This section describes how to create a new alloy material model in the Electrical and Thermal material database. For details on the Semiconductor material input parameters, see the Semiconductor material model page. For details about the alloy interpolation options and bowing parameters, see the Alloys material model page.
While the Electrical/Thermal material database contains models for many common alloys, it may be necessary to add new alloy models for different systems. This section will describe how to set the minimum parameters necessary for a new alloy model. A new alloy can be added to the material database by opening the material database and choosing the "Ternary Alloy" or "Quaternary Alloy" option from the "new material" button menu. The newly defined alloy can be named and a color can be chosen to represent the material in the layout.

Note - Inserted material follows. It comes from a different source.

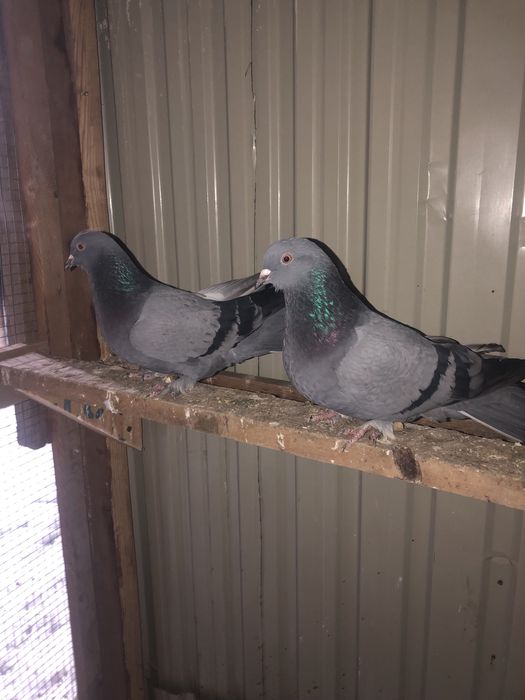 Сизи шерахахост.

Once a new ternary alloy material is created, the base materials can be selected using the pull down menus. Any two semiconductor materials from the material database can be selected to create a ternary alloy. The first semiconductor assumes mole fraction (1-x) and the second one, x. Once the base materials are selected, the interpolation type with respect to multiple valleys and various interpolation bowing parameters can be defined. To learn about these interpolation options, see the Alloys material model page.

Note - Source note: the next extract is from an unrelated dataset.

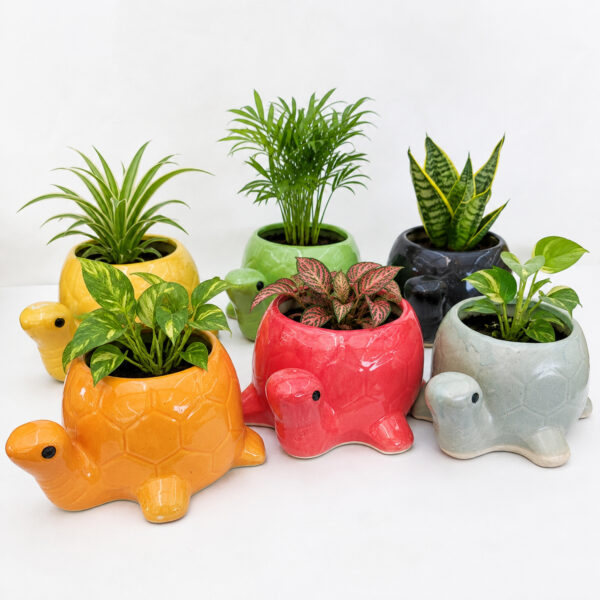 POC0027g Tortoise shaped Planter - Cute and colourful Tortoise shaped Ceramic planters suitable set for home decor, gifting and personal use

Once a new quaternary alloy material is created, the interpolation type can be selected that corresponds to the type of quaternary. There are two interpolation types available, see the Alloys for details. After that, the base materials can be selected using the pull down menus. Alternatively, by entering the formula for a III-V quaternary material in the form ABCD, base ternary compounds can be automatically selected by clicking "Update". The allowed atomic species in ABCD are Al, Ga, In, As, P, N, and Sb. For some quaternaries, the band gap at room temperature can be set to use formulas from reference  instead of using default interpolation, in order to increase accuracy.
Send to Current Project
Using the instructions above, the newly created alloy will be added to the Electrical/Thermal material database. To use the newly created alloy, or an existing alloy, in the simulation, it can be added to the object tree by using options in the Send to Current Project frame in the bottom left corner of the Electrical/Thermal Material Database edit window. Option "create new" with the appropriate name specified in the text box can be used to add alloy directly to the simulation. Option "create semi" first converts the alloy to Semiconductor type for the specified x, or x and y, alloy composition and then adds the semiconductor material to the object tree. By using this option the users can see all the relevant semiconductor option values, such as band gap, effective mass, mobility, and others. Option "add to existing" adds the alloy to an existing material in the object tree. Only the materials in the object tree that do not already have properties defined are available for this options. Not all of these options may be available, depending on the type of material.
- Shun Lien Chuang, Physics of Optoelectronic Devices. John Wiley & Sons Inc, (1995).